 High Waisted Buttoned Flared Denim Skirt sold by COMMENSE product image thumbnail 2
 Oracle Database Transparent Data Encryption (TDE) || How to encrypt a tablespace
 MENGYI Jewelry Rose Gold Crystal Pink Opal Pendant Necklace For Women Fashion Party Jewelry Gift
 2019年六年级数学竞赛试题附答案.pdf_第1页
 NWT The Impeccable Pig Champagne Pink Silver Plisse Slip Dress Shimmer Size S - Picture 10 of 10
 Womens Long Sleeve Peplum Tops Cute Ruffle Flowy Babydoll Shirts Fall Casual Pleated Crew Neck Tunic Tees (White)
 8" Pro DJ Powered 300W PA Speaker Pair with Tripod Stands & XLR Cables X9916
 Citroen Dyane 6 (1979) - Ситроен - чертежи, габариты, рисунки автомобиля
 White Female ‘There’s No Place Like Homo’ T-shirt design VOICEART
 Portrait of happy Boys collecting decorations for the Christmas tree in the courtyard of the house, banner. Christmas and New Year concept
━━━━━━
**What you are asked to do**
The total, and nothing more: how many lines in the entries contain "Pink"?

**Task output**
2